House debates

Monday, 7 December 2020

Constituency Statements

Chifley Electorate: Eagles RAPS, Chifley Electorate: WASH House

10:53 am

Photo of Ed HusicEd Husic (Chifley, Australian Labor Party, Shadow Minister for Agriculture and Resources) Share this | | Hansard source

Today I want to give the students at Eagles RAPS in Doonside a massive shout-out for their recent graduation. Local young people trained in courses over 12 months after global tech player Amazon Web Services teamed up with Eagles RAPS to help them step into future careers in tech. Well done to Amazon Web Services. The students completed certificate courses in information technology to meet the growing demand for talent in the tech industry and cloud computing in particular. A year ago, I was proud to also support the courses through a donation to Eagles RAPS. I'm proud to stand here today and talk about the first cohort of graduates that emerged from that course. I thank in particular Marten and Sally Wynd, who started Eagles RAPS over 20 years ago as an organisation addressing youth suicide. They started with less than $50 in their bank account and Eagles RAPS has grown to become a centre for vocational education and has supported over 2,000 young people who've studied there. Congratulations to Eagles RAPS, and I look forward to hearing about their future success stories. Importantly, thank you for believing in the capacity of local young people to make things a lot better for themselves out of what they've got ahead of them.
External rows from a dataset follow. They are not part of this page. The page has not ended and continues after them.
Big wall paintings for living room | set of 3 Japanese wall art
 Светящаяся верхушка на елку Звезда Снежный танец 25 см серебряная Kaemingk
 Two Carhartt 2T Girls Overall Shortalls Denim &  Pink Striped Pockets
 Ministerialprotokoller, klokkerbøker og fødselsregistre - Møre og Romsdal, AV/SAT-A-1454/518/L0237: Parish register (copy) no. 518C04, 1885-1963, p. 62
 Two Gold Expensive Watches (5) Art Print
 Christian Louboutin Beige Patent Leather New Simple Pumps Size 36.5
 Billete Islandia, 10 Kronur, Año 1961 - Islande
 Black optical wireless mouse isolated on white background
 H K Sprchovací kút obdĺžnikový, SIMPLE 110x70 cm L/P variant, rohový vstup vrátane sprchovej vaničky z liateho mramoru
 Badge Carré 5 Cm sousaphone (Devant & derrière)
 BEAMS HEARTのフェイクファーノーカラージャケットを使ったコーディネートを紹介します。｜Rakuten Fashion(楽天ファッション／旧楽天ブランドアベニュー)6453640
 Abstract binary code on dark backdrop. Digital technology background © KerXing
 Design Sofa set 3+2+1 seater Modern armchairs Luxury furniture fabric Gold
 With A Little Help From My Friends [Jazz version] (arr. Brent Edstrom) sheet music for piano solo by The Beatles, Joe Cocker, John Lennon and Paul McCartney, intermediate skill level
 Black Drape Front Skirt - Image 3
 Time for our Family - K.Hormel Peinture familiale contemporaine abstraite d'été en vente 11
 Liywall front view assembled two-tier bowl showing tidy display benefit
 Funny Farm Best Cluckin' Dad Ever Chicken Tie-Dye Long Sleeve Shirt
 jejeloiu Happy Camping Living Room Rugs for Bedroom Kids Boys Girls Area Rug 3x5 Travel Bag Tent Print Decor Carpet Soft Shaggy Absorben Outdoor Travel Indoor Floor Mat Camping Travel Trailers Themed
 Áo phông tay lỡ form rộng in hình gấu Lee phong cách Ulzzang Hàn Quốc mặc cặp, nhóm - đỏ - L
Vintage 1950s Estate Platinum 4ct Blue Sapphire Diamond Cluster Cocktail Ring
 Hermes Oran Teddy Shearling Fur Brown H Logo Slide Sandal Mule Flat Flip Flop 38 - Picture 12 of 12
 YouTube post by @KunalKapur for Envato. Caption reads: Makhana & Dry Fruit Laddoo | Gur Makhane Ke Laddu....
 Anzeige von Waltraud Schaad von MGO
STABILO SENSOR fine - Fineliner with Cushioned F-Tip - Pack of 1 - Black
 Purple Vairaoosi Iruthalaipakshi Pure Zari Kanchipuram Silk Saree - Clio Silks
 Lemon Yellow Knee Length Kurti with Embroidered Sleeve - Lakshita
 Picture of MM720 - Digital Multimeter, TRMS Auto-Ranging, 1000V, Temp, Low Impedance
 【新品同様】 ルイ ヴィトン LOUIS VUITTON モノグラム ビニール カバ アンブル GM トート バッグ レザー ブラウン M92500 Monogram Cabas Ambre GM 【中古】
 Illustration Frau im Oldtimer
The other issue I wanted to speak about was WASH House, a community based resource centre for women that do a lot of work in our area to combat domestic violence. In recognition of the UN's 16 Days of Activism against Gender-Based Violence, WASH House held their annual community vigil to honour and remember women and children who died as a result of domestic and family related violence and homicide across Blacktown City. This is a nationwide pandemic, but it struck me, when they read the list of people—the women in particular, and the children who had been affected by this over the last number of decades: one in three Australian women have experienced abuse at the hands of a current or former partner; the Australian police deal with a domestic violence matter every two minutes, an estimated 657 domestic violence matters every single day; and this year alone 48 women have died. This is simply wrong. We need to face up to this as a nation. We need to speak about this more. Importantly, we need to do something about it. We've got service and policy gaps, insufficient funding, inadequate consultation and cuts plaguing the sector for people who are working hard to help women and children fleeing violence. We need to provide frontline services with the resources they need to tackle the pandemic. I was saddened to hear that a bid for funding by local organisations had been denied at the federal level. I would hope that we can see funds flow into our local area to support those groups that are supporting particularly vulnerable people who are facing the most difficult time in their lives.